Task item: Write out the data below in full, unchanged, minus the images.
*** Entries shown ***
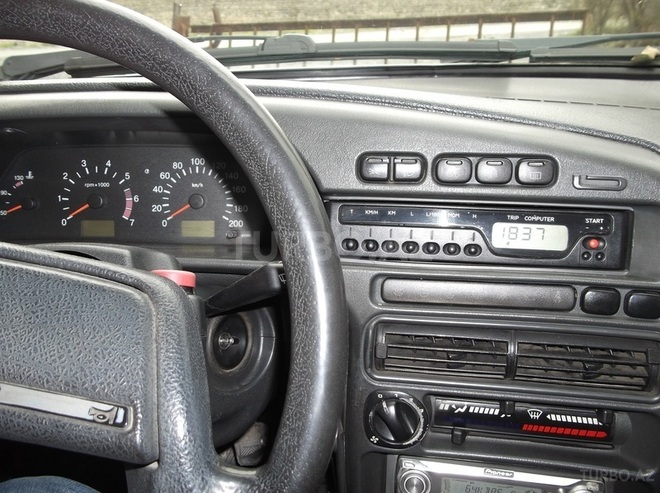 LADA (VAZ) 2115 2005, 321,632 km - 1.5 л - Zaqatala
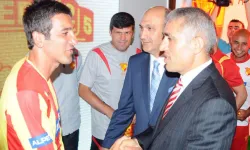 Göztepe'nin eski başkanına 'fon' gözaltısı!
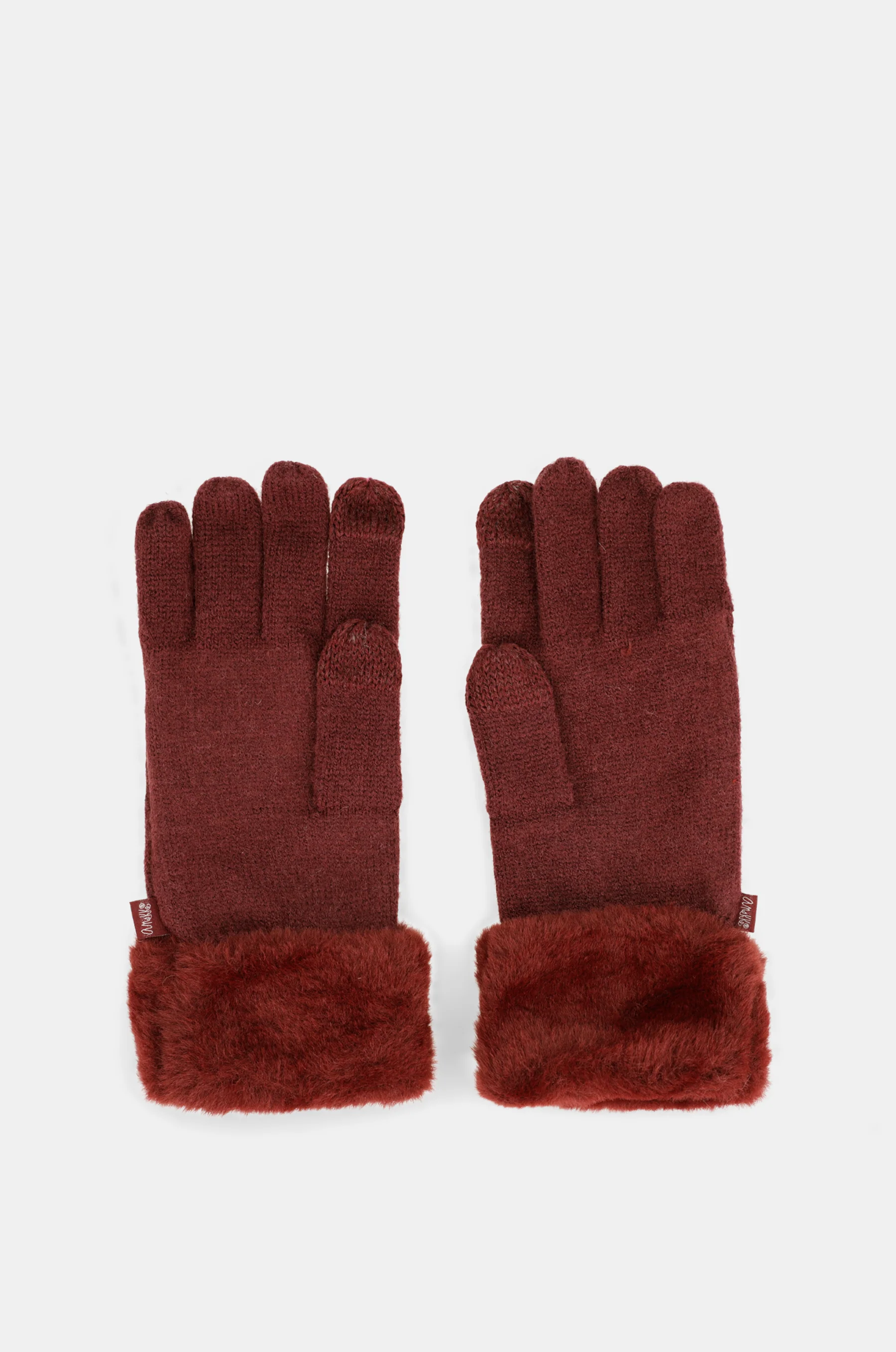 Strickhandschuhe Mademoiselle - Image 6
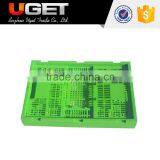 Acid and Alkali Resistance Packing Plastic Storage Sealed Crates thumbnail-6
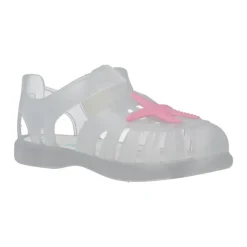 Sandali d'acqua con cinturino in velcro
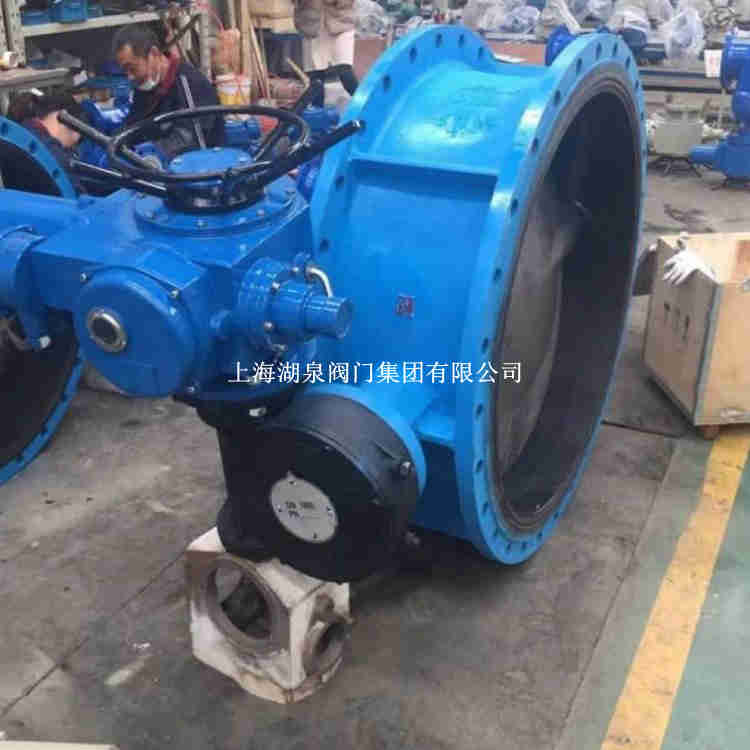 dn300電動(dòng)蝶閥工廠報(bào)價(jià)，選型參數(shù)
*** End of Entries shown ***
Expected output:
 LADA (VAZ) 2115 2005, 321,632 km - 1.5 л - Zaqatala
 Göztepe'nin eski başkanına 'fon' gözaltısı!
 Strickhandschuhe Mademoiselle - Image 6
 Acid and Alkali Resistance Packing Plastic Storage Sealed Crates thumbnail-6
 Sandali d'acqua con cinturino in velcro
 dn300電動(dòng)蝶閥工廠報(bào)價(jià)，選型參數(shù)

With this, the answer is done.